Il arrive aussi que des tambours chamaniques miniatures soient donnés comme jouets à des enfants. Si tous les jeunes s’exercent à chanter et danser à la manière chamanique, seuls certains d’entre eux seront plus tard reconnus par leur communauté comme pouvant ou devant devenir chamanes dans l’intérêt collectif. Mais tous pourront continuer à s’adresser à des esprits, ce qui sera souvent compris comme « chamaniser » pour eux-mêmes. Toute communauté tient à toujours avoir en réserve des chamanes potentiels.
La place de la femme
Face au monde naturel, la femme est, tout autant que l’homme, membre de la communauté humaine qui vit de chasse et, à ce titre, elle peut en principe « chamaniser ». Mais les structures sociales limitent son activité dans le domaine de la chasse : elle y coopère (rabattage, dépeçage) mais en règle générale ne tire pas et s’abstient de tout contact avec les objets de chasse pendant ses périodes menstruelles. Elle contribue à nourrir les ongon de son mari, mais n’a pas de relations personnelles avec des esprits animaux. Elle peut effectuer certains rituels chamaniques, notamment divinatoires, mais ne peut diriger les grands rituels collectifs périodiques. Si son mari est chamane, elle est souvent son assistante.
L’accès à la fonction est progressif. Il commence à se dessiner à l’adolescence.
Deux facteurs en décident : l’intérêt que lui porte le jeune homme et le talent à l’exercer que lui reconnaît son entourage. Ce talent est fait de qualités à la fois physiques et psychiques : le jeune homme doit être bon chasseur, tenace et perspicace ; il doit être robuste, sauter haut, avoir une belle et forte voix pour plaire aux esprits animaux. Des fugues longues et répétées en forêt sont vues comme des signes de son goût et de son talent, et tiennent lieu d’épreuve initiatique. Il ne reçoit pas de formation spéciale. Il se forme en assistant aux rituels, en écoutant les récits des chamanes, en les regardant faire. Il commence à accompagner de la voix et du geste les chamanes confirmés qui l’y invitent. Peu à peu il se met à officier seul, avec un simple bâton divinatoire qu’il utilisera ensuite comme battoir de tambour.

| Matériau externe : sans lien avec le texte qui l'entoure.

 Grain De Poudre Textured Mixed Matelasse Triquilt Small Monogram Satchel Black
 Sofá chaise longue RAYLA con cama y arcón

L’importance d’être jugé efficace
C’est la reconnaissance sociale de la pratique qui décide de l’entrée en fonction : en effet, la pratique n’est encouragée que si elle est jugée efficace. Mais l’accès d’un individu au statut de chamane n’est confirmé que lorsque la communauté lui confie la direction de son grand rituel collectif annuel. C’est alors qu’il est officiellement investi.
Chez les peuples chasseurs de la forêt, il n’est pas chamane pour la vie, car l’avancée en âge risque de lui faire perdre les qualités physiques indispensables à l’efficacité de son action, notamment sa capacité supposée à séduire les esprits animaux. Aussi doit-il être périodiquement reconfirmé comme chamane.
Dans la logique chamanique, un chamane est jugé efficace pour l’activité de chasse s’il paraît capable de séduire assez l’esprit de l’espèce gibier partenaire pour obtenir que l’échange avec elle soit aussi favorable que possible à la communauté humaine qu’il représente.
Le gibier étant en quantité limitée et son apparition étant aléatoire, tout chamane est potentiellement rival des autres chamanes. Aussi doit-il se distinguer des autres chamanes pour mieux séduire les esprits.
De plus, il doit adapter sa performance aux nécessités de la situation présente, rendre perceptible ce qu’il fait au moment où il le fait ; c’est le caractère singulier et approprié, immédiat et éphémère de son intervention auprès des esprits qui en assure l’efficacité.
C’est pourquoi la pratique varie d’un chamane à l’autre et d’un rituel à l’autre d’un même chamane. Sa personnalisation ne résulte pas de fantaisies individuelles. C’est une nécessité de sa fonction.
C’est pourquoi, aussi, l’action chamanique se présente comme un mime. Chamaniser consiste en effet, pour le chamane, à représenter de façon réaliste par ses gestes et sa voix ce qu’il fait dans le monde des esprits des espèces sauvages.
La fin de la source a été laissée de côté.